Wednesday, September 21, 2016

New Zealand Registered Nurses can Now Prescribe

Registered nurses will gain the right to prescribe medicines under a regulation coming into force on 20 September.

After years of consultation, the Medicines (Designated Prescriber – Registered Nurses) Regulation 2016 has been introduced by Order in Council.



The regulation allows registered nurse prescribing for nurses who work in primary care and specialist teams, Nursing Council chief executive Carolyn Reed says in a statement.

The nurses must have completed  a postgraduate diploma in registered nurse prescribing for long-term and common conditions, Ms Reed says.

Academic and clinical requirements


The diploma includes a practicum with an authorised prescriber, four university papers and assessment for suitability by an authorised prescriber.

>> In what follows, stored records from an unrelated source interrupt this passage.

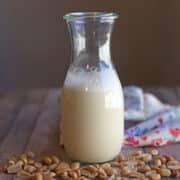 Glass bottle filled with homemade peanut milk, surrounded by roasted peanuts.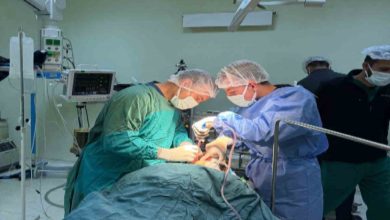 Bir ameliyathanede çekilen fotoğrafta, cerrahi kıyafet ve maskeler takan iki sağlık görevlisi ameliyat masasında yatan hastaya müdahale ediyor. Etraflarında ameliyat lambaları, tıbbi cihazlar ve monitörler bulunurken arka planda başka sağlık personeli de görülüyor.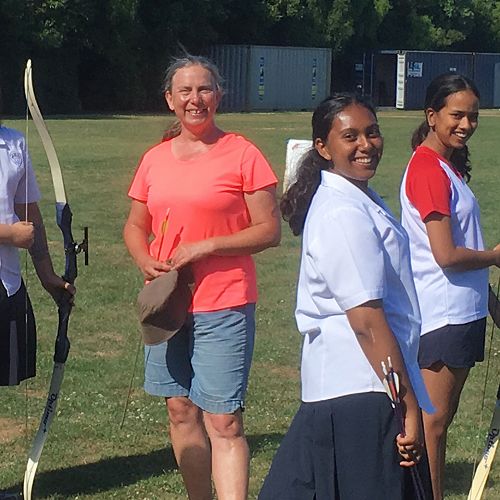 Archery girls with coach Maria Tucker on the field from the first Tuesday session.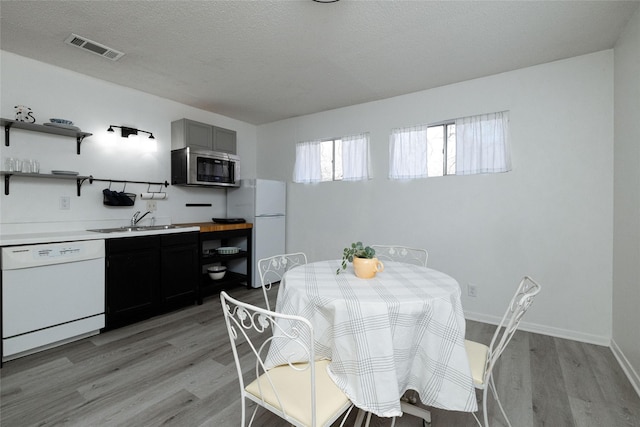 dining room with sink, a textured ceiling, and light wood-type flooring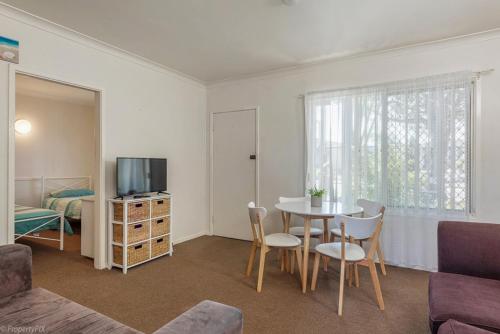 a living room with a table and chairs and a television at Jamaica Holiday Units in Forster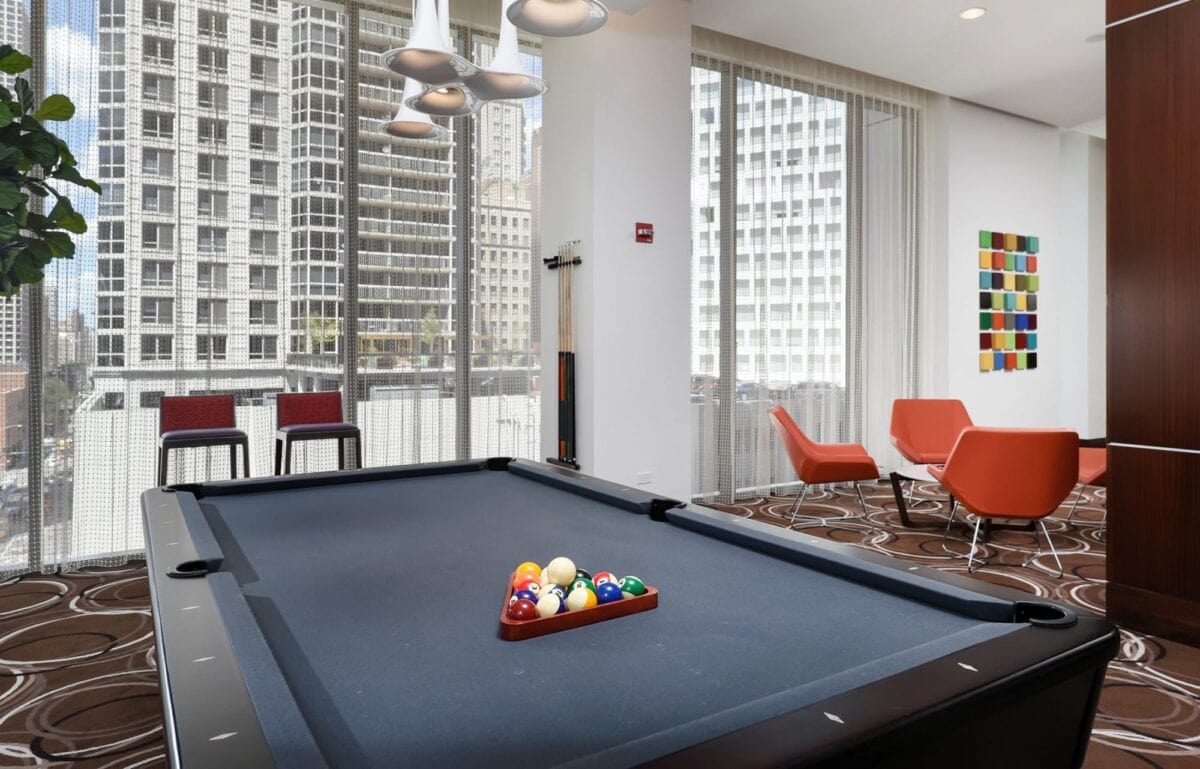 A modern lounge with a black pool table, orange chairs, large windows showing city buildings, and abstract wall art.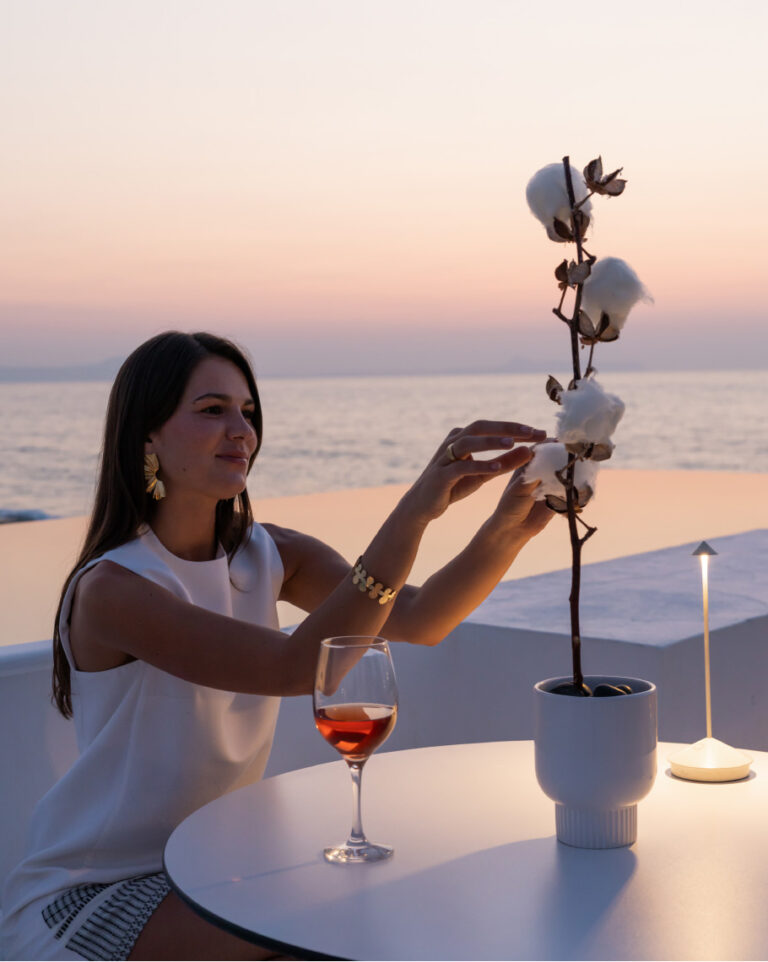 Guest with a glass of wine at The White Restaurant overlooking the sea at Grecotel LUXME White Crete.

Nurses will also need to have been working for three years in the area where they want to prescribe.

A cabinet paper shows conditions for which registered nurses will be able to prescribe include diabetes, hypertension, respiratory diseases, eye health, anxiety, depression, heart failure, gout, palliative care, contraception, common skin conditions and infections.

Designated prescribers


College of Nurses executive director and Massey University professor of nursing Jenny Carryer says the qualification is the first half of the masters degree required to become a nurse practitioner.

Nurses who pass it will become “designated prescribers”, able to prescribe from a range of medicines (not all medicines).

Professor Carryer says the idea of nurse prescribers first emerged in New Zealand about 15 years ago, when the nurse practitioner role was launched.

Ms Reed says the Nursing Council was first invited to submit an application for registered nurse prescribing in 2012.

The move fits with efforts to enable the health workforce to do more, as part of increasing people’s access to care, Professor Carryer says.

The decision to go ahead with nurse prescribing is evidence based, she says. It follows a diabetes nurse prescribing pilot first introduced in 2011.

Professor Carryer reviewed the pilot and says it showed high levels of patient satisfaction and approval.

A responsibility to be shouldered


While the approval is a good thing, Professor Carryer says nurses do not always see medicalised developments as a positive.

Rather than being a “great kudos”, she says the change is a responsibility that needs to be shouldered, carrying a huge education commitment.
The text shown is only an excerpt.